REQUIRED ACTION:
Repeat the entries that appear below, exactly and in full.

#### DATASET RECORDS ####

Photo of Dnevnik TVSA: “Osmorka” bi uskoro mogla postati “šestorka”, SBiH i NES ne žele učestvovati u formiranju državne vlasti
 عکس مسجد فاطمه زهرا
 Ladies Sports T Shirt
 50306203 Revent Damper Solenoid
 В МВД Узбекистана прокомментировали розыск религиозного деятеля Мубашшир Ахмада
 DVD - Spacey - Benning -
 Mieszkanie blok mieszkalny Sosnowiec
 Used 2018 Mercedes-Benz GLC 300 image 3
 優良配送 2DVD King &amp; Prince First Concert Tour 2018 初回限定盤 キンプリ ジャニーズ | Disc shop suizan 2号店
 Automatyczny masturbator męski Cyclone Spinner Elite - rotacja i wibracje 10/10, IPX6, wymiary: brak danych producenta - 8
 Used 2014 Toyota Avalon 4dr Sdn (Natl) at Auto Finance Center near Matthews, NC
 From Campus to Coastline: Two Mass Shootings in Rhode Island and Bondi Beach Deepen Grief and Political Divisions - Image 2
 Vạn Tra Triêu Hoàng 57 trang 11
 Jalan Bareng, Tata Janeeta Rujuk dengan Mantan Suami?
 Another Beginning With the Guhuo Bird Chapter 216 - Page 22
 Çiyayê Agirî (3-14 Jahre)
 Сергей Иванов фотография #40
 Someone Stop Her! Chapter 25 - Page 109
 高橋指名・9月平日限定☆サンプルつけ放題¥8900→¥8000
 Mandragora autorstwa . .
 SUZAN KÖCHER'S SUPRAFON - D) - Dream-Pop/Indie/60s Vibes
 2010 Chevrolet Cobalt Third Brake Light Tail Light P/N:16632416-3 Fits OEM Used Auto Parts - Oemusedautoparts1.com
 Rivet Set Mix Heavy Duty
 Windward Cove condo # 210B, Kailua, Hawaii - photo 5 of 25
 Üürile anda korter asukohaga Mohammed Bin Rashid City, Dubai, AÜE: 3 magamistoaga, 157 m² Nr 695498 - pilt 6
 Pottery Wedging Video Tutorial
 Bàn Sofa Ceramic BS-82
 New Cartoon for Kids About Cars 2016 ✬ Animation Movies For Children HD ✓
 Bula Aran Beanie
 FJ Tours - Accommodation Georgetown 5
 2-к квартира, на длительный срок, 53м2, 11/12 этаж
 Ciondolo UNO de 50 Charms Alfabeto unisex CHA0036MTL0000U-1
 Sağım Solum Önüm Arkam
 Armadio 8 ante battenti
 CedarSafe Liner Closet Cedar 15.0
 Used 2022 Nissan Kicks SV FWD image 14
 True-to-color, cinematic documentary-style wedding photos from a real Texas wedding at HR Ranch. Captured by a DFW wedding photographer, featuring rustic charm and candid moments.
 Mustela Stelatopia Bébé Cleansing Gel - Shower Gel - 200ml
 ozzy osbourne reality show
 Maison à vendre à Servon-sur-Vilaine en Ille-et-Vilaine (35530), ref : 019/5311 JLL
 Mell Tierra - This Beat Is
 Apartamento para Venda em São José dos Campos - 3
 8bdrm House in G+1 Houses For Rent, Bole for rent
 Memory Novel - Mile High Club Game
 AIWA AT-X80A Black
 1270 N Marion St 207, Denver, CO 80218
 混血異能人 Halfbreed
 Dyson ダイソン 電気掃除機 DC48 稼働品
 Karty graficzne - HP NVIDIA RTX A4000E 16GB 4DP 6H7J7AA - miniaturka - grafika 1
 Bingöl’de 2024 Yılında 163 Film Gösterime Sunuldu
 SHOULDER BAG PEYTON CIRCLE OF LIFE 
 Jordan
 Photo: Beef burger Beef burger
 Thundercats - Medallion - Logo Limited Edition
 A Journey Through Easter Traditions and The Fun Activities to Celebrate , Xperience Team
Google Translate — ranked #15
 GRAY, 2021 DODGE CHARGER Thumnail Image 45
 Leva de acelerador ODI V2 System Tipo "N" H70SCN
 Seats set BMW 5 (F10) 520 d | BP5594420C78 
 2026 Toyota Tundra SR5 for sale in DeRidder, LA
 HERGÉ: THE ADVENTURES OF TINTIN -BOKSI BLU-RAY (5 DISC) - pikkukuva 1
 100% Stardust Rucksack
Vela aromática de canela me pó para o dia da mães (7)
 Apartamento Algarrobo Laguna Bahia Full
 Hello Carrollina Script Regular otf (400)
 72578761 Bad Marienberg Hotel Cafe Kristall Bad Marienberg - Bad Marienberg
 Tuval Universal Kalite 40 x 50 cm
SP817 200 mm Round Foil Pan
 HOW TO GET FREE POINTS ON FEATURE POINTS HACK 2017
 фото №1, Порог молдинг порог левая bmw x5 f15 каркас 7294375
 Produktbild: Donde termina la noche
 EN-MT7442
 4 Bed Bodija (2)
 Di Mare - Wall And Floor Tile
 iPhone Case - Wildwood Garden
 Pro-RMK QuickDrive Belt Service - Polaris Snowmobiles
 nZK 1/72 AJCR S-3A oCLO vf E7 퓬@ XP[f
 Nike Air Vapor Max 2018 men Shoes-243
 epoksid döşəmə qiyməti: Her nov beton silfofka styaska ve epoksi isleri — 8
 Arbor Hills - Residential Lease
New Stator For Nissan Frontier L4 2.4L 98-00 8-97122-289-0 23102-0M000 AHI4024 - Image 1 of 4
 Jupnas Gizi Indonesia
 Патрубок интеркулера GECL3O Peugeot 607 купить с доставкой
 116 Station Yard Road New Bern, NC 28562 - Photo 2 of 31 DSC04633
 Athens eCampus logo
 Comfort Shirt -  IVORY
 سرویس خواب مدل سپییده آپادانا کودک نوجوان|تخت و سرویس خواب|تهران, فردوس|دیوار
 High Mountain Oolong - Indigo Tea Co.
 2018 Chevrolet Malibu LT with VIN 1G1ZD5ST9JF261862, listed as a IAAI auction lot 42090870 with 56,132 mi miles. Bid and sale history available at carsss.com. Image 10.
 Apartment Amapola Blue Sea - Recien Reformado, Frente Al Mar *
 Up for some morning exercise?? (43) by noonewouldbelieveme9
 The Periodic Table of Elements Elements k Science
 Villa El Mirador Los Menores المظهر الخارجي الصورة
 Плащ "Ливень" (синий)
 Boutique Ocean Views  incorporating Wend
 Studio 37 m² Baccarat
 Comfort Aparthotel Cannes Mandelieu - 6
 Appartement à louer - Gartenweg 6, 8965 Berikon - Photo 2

####

REPLY TO THE EXERCISE:
Photo of Dnevnik TVSA: “Osmorka” bi uskoro mogla postati “šestorka”, SBiH i NES ne žele učestvovati u formiranju državne vlasti
 عکس مسجد فاطمه زهرا
 Ladies Sports T Shirt
 50306203 Revent Damper Solenoid
 В МВД Узбекистана прокомментировали розыск религиозного деятеля Мубашшир Ахмада
 DVD - Spacey - Benning -
 Mieszkanie blok mieszkalny Sosnowiec
 Used 2018 Mercedes-Benz GLC 300 image 3
 優良配送 2DVD King &amp; Prince First Concert Tour 2018 初回限定盤 キンプリ ジャニーズ | Disc shop suizan 2号店
 Automatyczny masturbator męski Cyclone Spinner Elite - rotacja i wibracje 10/10, IPX6, wymiary: brak danych producenta - 8
 Used 2014 Toyota Avalon 4dr Sdn (Natl) at Auto Finance Center near Matthews, NC
 From Campus to Coastline: Two Mass Shootings in Rhode Island and Bondi Beach Deepen Grief and Political Divisions - Image 2
 Vạn Tra Triêu Hoàng 57 trang 11
 Jalan Bareng, Tata Janeeta Rujuk dengan Mantan Suami?
 Another Beginning With the Guhuo Bird Chapter 216 - Page 22
 Çiyayê Agirî (3-14 Jahre)
 Сергей Иванов фотография #40
 Someone Stop Her! Chapter 25 - Page 109
 高橋指名・9月平日限定☆サンプルつけ放題¥8900→¥8000
 Mandragora autorstwa . .
 SUZAN KÖCHER'S SUPRAFON - D) - Dream-Pop/Indie/60s Vibes
 2010 Chevrolet Cobalt Third Brake Light Tail Light P/N:16632416-3 Fits OEM Used Auto Parts - Oemusedautoparts1.com
 Rivet Set Mix Heavy Duty
 Windward Cove condo # 210B, Kailua, Hawaii - photo 5 of 25
 Üürile anda korter asukohaga Mohammed Bin Rashid City, Dubai, AÜE: 3 magamistoaga, 157 m² Nr 695498 - pilt 6
 Pottery Wedging Video Tutorial
 Bàn Sofa Ceramic BS-82
 New Cartoon for Kids About Cars 2016 ✬ Animation Movies For Children HD ✓
 Bula Aran Beanie
 FJ Tours - Accommodation Georgetown 5
 2-к квартира, на длительный срок, 53м2, 11/12 этаж
 Ciondolo UNO de 50 Charms Alfabeto unisex CHA0036MTL0000U-1
 Sağım Solum Önüm Arkam
 Armadio 8 ante battenti
 CedarSafe Liner Closet Cedar 15.0
 Used 2022 Nissan Kicks SV FWD image 14
 True-to-color, cinematic documentary-style wedding photos from a real Texas wedding at HR Ranch. Captured by a DFW wedding photographer, featuring rustic charm and candid moments.
 Mustela Stelatopia Bébé Cleansing Gel - Shower Gel - 200ml
 ozzy osbourne reality show
 Maison à vendre à Servon-sur-Vilaine en Ille-et-Vilaine (35530), ref : 019/5311 JLL
 Mell Tierra - This Beat Is
 Apartamento para Venda em São José dos Campos - 3
 8bdrm House in G+1 Houses For Rent, Bole for rent
 Memory Novel - Mile High Club Game
 AIWA AT-X80A Black
 1270 N Marion St 207, Denver, CO 80218
 混血異能人 Halfbreed
 Dyson ダイソン 電気掃除機 DC48 稼働品
 Karty graficzne - HP NVIDIA RTX A4000E 16GB 4DP 6H7J7AA - miniaturka - grafika 1
 Bingöl’de 2024 Yılında 163 Film Gösterime Sunuldu
 SHOULDER BAG PEYTON CIRCLE OF LIFE 
 Jordan
 Photo: Beef burger Beef burger
 Thundercats - Medallion - Logo Limited Edition
 A Journey Through Easter Traditions and The Fun Activities to Celebrate , Xperience Team
Google Translate — ranked #15
 GRAY, 2021 DODGE CHARGER Thumnail Image 45
 Leva de acelerador ODI V2 System Tipo "N" H70SCN
 Seats set BMW 5 (F10) 520 d | BP5594420C78 
 2026 Toyota Tundra SR5 for sale in DeRidder, LA
 HERGÉ: THE ADVENTURES OF TINTIN -BOKSI BLU-RAY (5 DISC) - pikkukuva 1
 100% Stardust Rucksack
Vela aromática de canela me pó para o dia da mães (7)
 Apartamento Algarrobo Laguna Bahia Full
 Hello Carrollina Script Regular otf (400)
 72578761 Bad Marienberg Hotel Cafe Kristall Bad Marienberg - Bad Marienberg
 Tuval Universal Kalite 40 x 50 cm
SP817 200 mm Round Foil Pan
 HOW TO GET FREE POINTS ON FEATURE POINTS HACK 2017
 фото №1, Порог молдинг порог левая bmw x5 f15 каркас 7294375
 Produktbild: Donde termina la noche
 EN-MT7442
 4 Bed Bodija (2)
 Di Mare - Wall And Floor Tile
 iPhone Case - Wildwood Garden
 Pro-RMK QuickDrive Belt Service - Polaris Snowmobiles
 nZK 1/72 AJCR S-3A oCLO vf E7 퓬@ XP[f
 Nike Air Vapor Max 2018 men Shoes-243
 epoksid döşəmə qiyməti: Her nov beton silfofka styaska ve epoksi isleri — 8
 Arbor Hills - Residential Lease
New Stator For Nissan Frontier L4 2.4L 98-00 8-97122-289-0 23102-0M000 AHI4024 - Image 1 of 4
 Jupnas Gizi Indonesia
 Патрубок интеркулера GECL3O Peugeot 607 купить с доставкой
 116 Station Yard Road New Bern, NC 28562 - Photo 2 of 31 DSC04633
 Athens eCampus logo
 Comfort Shirt -  IVORY
 سرویس خواب مدل سپییده آپادانا کودک نوجوان|تخت و سرویس خواب|تهران, فردوس|دیوار
 High Mountain Oolong - Indigo Tea Co.
 2018 Chevrolet Malibu LT with VIN 1G1ZD5ST9JF261862, listed as a IAAI auction lot 42090870 with 56,132 mi miles. Bid and sale history available at carsss.com. Image 10.
 Apartment Amapola Blue Sea - Recien Reformado, Frente Al Mar *
 Up for some morning exercise?? (43) by noonewouldbelieveme9
 The Periodic Table of Elements Elements k Science
 Villa El Mirador Los Menores المظهر الخارجي الصورة
 Плащ "Ливень" (синий)
 Boutique Ocean Views  incorporating Wend
 Studio 37 m² Baccarat
 Comfort Aparthotel Cannes Mandelieu - 6
 Appartement à louer - Gartenweg 6, 8965 Berikon - Photo 2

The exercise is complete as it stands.